Is there really a competitive advantage? Debate over trans athletes tests science and inclusion

Opinion: If you don’t get it by now The Communist Broadcasting Company is the definition of Marxist State Media. A propaganda arm of the government. This is out right fake news.

Opinion: If you don't get it by now The Communist Broadcasting Company is the definition of Marxist State Media. A propaganda arm of the government. This is out right fake news.
Opinion: If you don't get it by now The Communist Broadcasting Company is the definition of Marxist State Media. A propaganda arm of the government. This is out right fake news.

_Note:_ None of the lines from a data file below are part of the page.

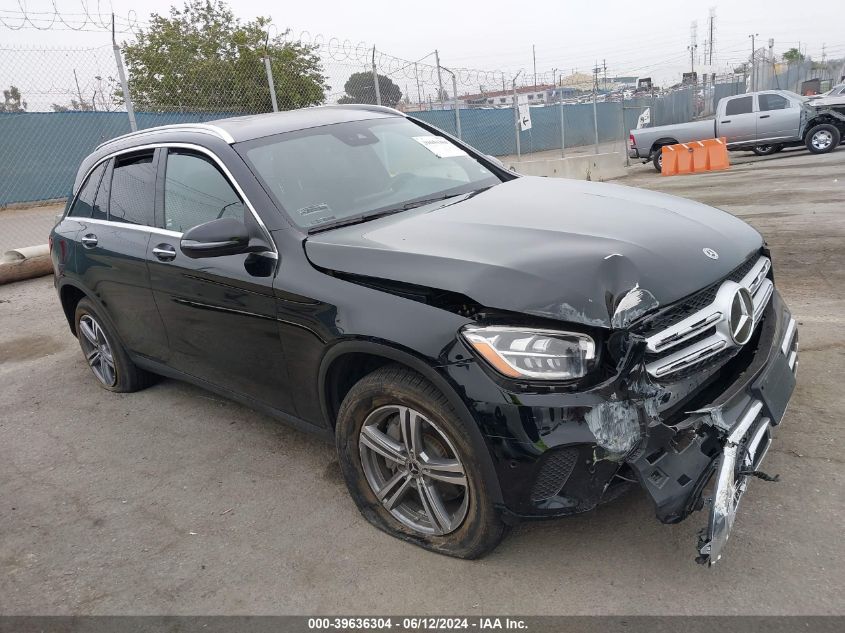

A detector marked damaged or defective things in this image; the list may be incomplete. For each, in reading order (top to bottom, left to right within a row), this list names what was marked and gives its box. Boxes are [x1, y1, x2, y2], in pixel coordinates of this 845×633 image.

crumpled hood [304, 177, 764, 328]
broken headlight assembly [462, 326, 592, 380]
damaged front end [448, 254, 796, 564]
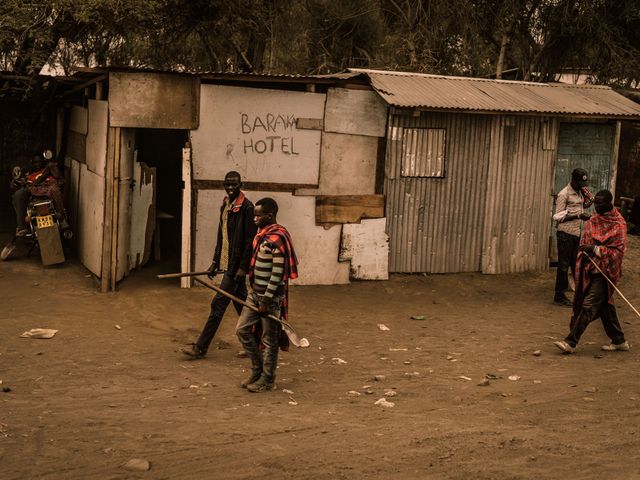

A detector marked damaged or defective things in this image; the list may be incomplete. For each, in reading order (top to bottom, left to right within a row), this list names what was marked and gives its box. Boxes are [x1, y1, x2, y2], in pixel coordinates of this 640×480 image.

rusted corrugated siding [352, 68, 640, 119]
rusted corrugated siding [384, 110, 490, 272]
rusted corrugated siding [388, 111, 556, 274]
rusted corrugated siding [480, 116, 556, 274]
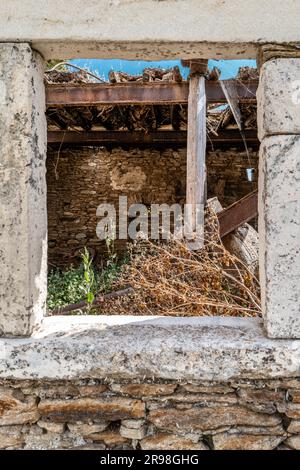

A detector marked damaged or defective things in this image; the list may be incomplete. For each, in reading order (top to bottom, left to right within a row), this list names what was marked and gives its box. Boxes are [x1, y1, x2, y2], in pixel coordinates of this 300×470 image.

rusty metal beam [45, 80, 256, 107]
rusted iron girder [45, 81, 256, 106]
broken wooden slat [45, 80, 256, 107]
rusty metal beam [47, 127, 258, 146]
rusty metal beam [218, 189, 258, 237]
broken wooden slat [218, 189, 258, 237]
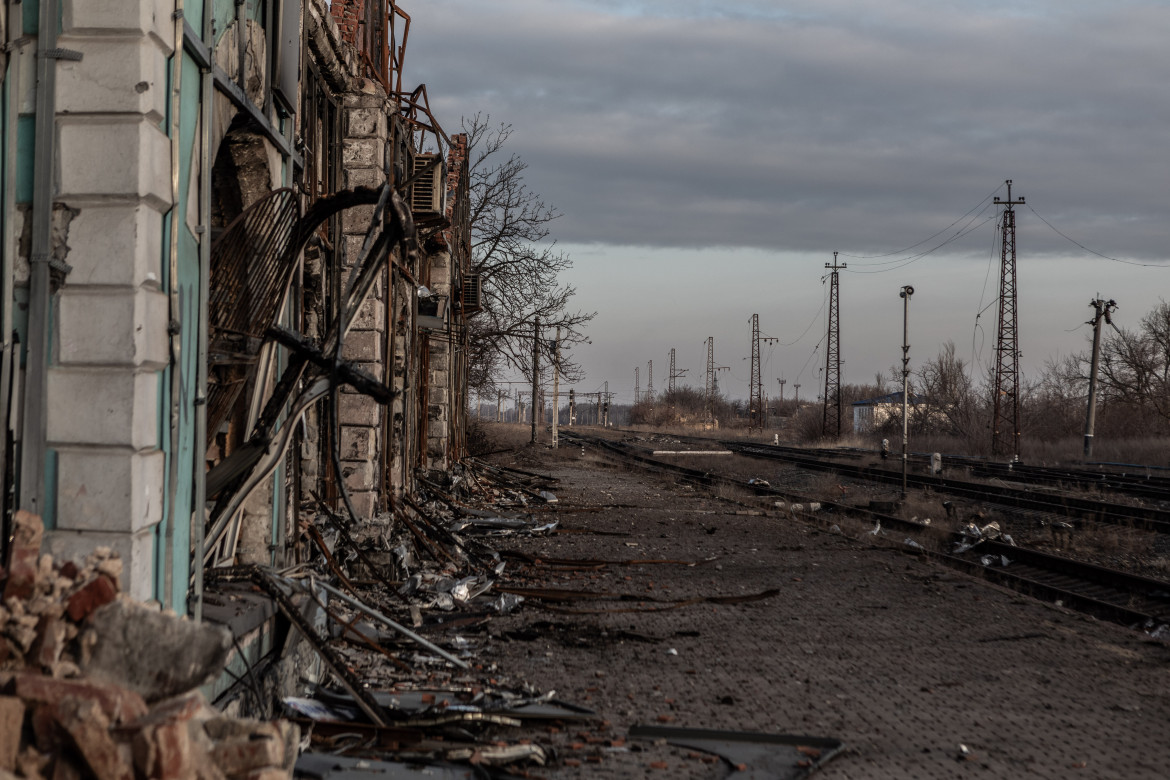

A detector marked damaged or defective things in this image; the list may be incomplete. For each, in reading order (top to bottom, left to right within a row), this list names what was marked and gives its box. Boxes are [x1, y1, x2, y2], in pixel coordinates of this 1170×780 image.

war-damaged facade [1, 1, 474, 616]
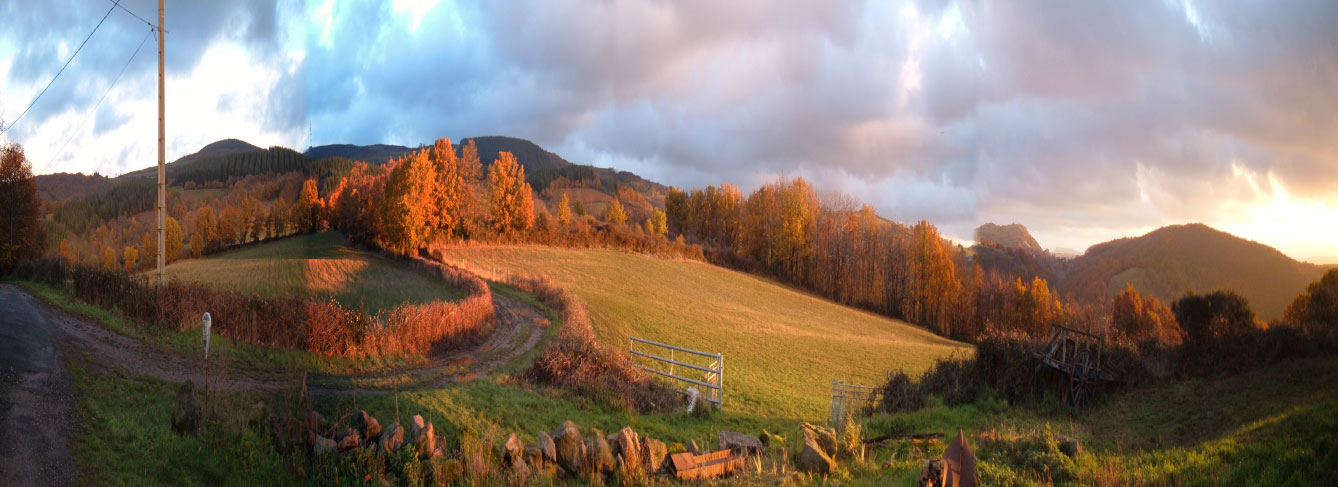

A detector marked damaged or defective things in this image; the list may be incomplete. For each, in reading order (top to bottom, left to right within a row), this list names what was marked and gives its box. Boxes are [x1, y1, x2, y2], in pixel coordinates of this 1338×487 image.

rusty metal object [666, 449, 743, 478]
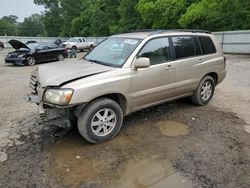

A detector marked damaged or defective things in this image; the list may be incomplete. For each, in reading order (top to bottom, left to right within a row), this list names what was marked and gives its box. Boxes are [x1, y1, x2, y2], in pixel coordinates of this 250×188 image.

damaged front end [25, 71, 76, 129]
damaged hood [37, 59, 115, 86]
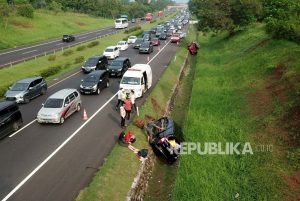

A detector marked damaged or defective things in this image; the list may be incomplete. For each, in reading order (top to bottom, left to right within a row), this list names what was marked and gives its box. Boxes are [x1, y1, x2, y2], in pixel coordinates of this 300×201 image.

overturned car [145, 117, 180, 163]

Legislation on trans policies in Alberta expected in the fall

A teardrop can be seen in the right eye of a woman wearing a blue shirt.
Aria McGowan becomes tearful as she reflects on a proposed policy in Alberta that would ban trans women and girls from competing against cisgender women and girls. (Samuel Martin/CBC)

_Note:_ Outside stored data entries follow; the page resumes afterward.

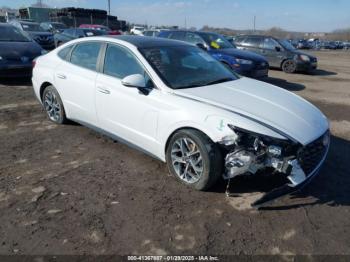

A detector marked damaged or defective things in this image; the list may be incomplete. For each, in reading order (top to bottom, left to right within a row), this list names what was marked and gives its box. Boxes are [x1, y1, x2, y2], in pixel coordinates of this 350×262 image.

crumpled hood [0, 41, 42, 59]
crumpled hood [174, 77, 328, 145]
front-end collision damage [220, 124, 330, 208]
damaged bumper [221, 127, 330, 209]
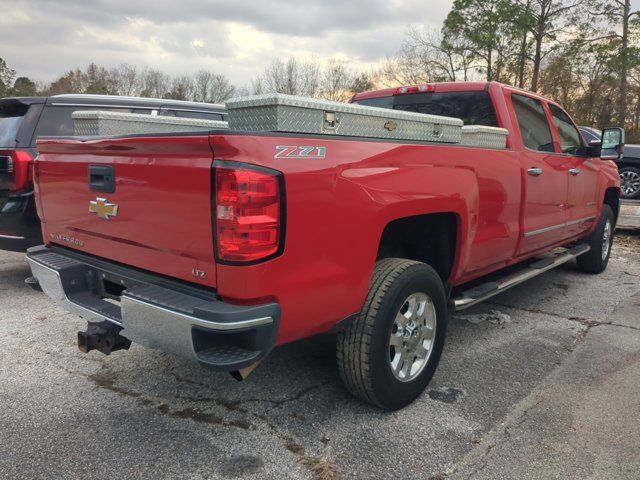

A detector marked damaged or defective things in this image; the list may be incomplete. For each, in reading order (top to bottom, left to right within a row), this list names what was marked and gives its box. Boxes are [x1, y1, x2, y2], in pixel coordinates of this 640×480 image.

cracked pavement [1, 233, 640, 480]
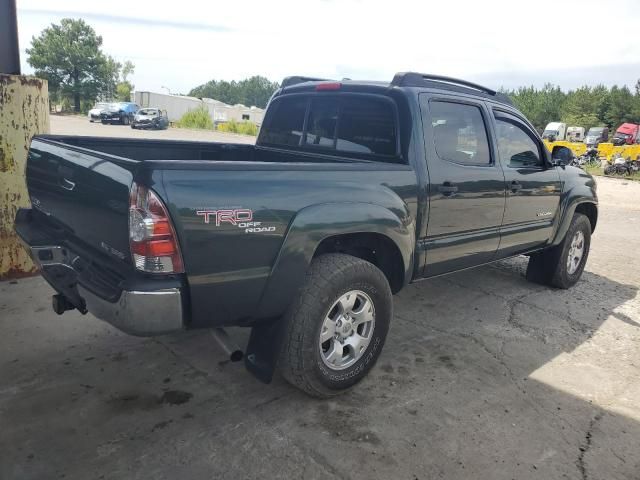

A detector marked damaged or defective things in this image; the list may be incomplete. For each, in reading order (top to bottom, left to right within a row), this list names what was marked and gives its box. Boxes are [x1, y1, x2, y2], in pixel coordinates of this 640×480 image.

rusty metal beam [0, 0, 20, 75]
rusty metal post [0, 76, 50, 280]
cracked pavement [1, 177, 640, 480]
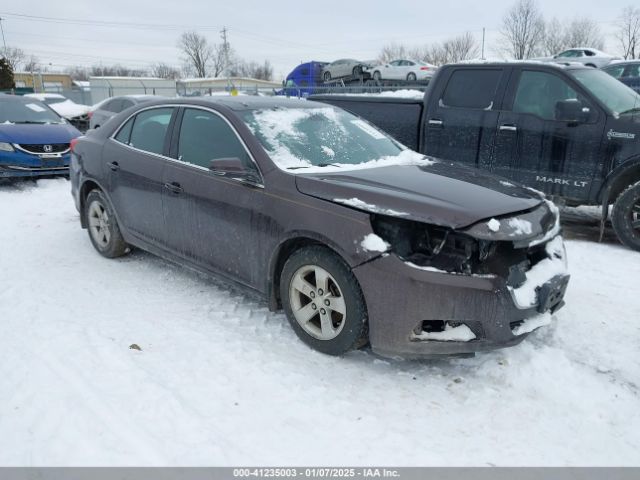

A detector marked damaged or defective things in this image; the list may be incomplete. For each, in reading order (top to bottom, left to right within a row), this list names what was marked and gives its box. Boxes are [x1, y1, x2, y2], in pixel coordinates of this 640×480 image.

damaged chevrolet malibu [70, 97, 568, 358]
crushed bumper [356, 242, 568, 358]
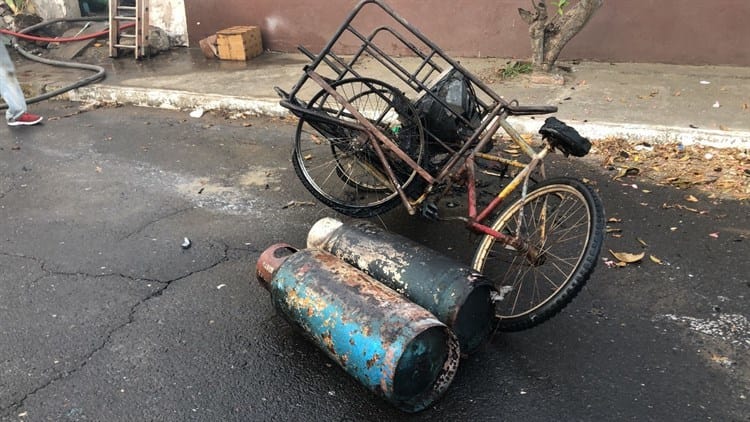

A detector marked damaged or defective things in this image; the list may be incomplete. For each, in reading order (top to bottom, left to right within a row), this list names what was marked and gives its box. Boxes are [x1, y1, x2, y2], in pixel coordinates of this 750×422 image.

charred gas cylinder [258, 244, 458, 412]
rusty propane tank [258, 244, 458, 412]
charred gas cylinder [308, 218, 496, 352]
rusty propane tank [308, 218, 496, 352]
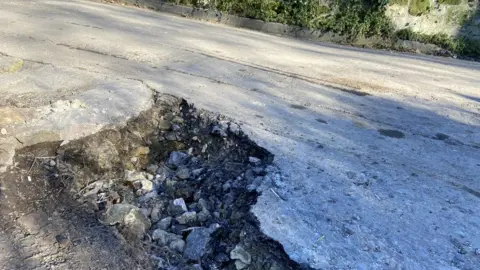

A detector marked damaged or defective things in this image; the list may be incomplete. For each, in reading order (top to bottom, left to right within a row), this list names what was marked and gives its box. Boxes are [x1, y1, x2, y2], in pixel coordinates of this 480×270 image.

pothole [0, 94, 306, 268]
dirt in pothole [0, 94, 308, 268]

Aria McGowan picks up a football and gingerly takes a couple of steps back before throwing it to a teammate down the field.

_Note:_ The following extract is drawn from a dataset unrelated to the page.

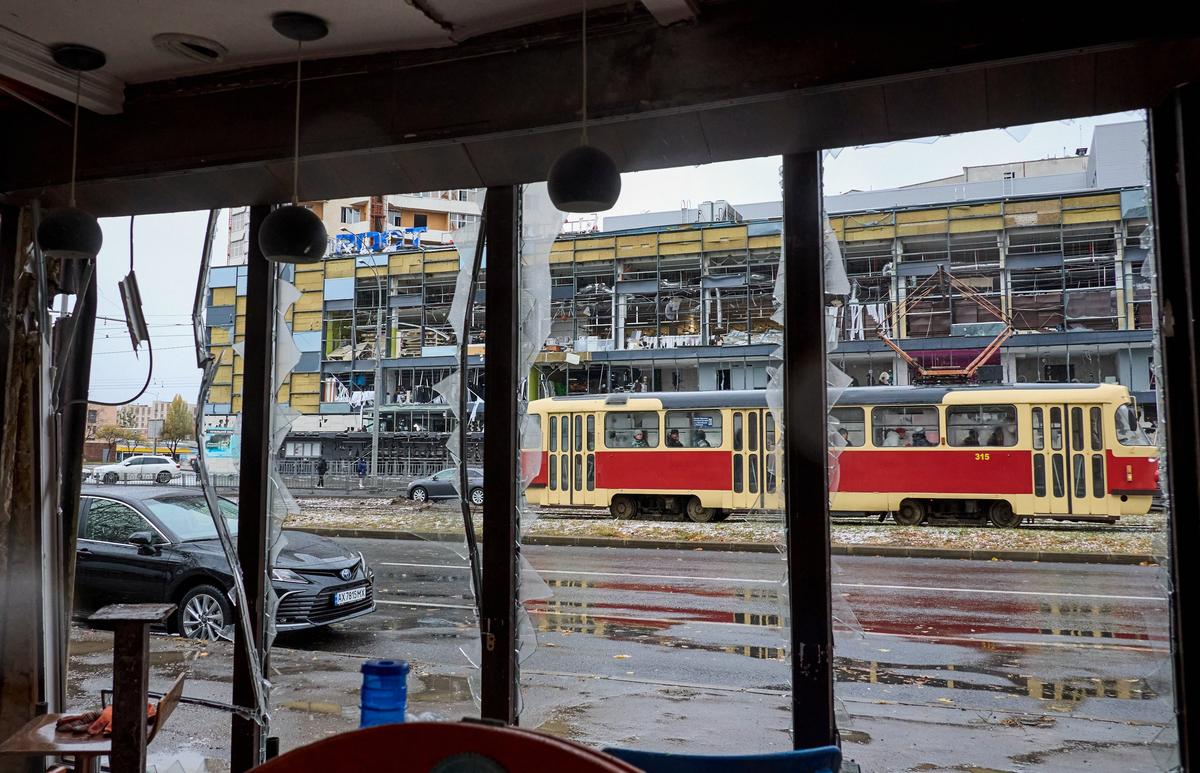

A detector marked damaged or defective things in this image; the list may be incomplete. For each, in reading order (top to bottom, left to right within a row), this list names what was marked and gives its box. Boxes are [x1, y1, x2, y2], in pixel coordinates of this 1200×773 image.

damaged building facade [204, 120, 1152, 468]
rusted metal beam [777, 152, 835, 748]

It’s a Saturday morning and the Edmonton Storm, a women’s tackle football team, is holding a practice at Commonwealth Community Recreation Centre.

McGowan, 46, is their quarterback.

She loves playing football, and it’s clear the football field is a place McGowan feels safe. But she and other trans athletes in the province could potentially see their athletic pursuits curtailed.

In late January, Alberta Premier Danielle Smith proposed a slew of policies that could affect trans youth and adults, ranging from restrictions on gender-affirming health care to classroom pronoun policies. Among the proposed policies is a ban on transgender girls and women competing against cisgender girls and women in athletic competitions.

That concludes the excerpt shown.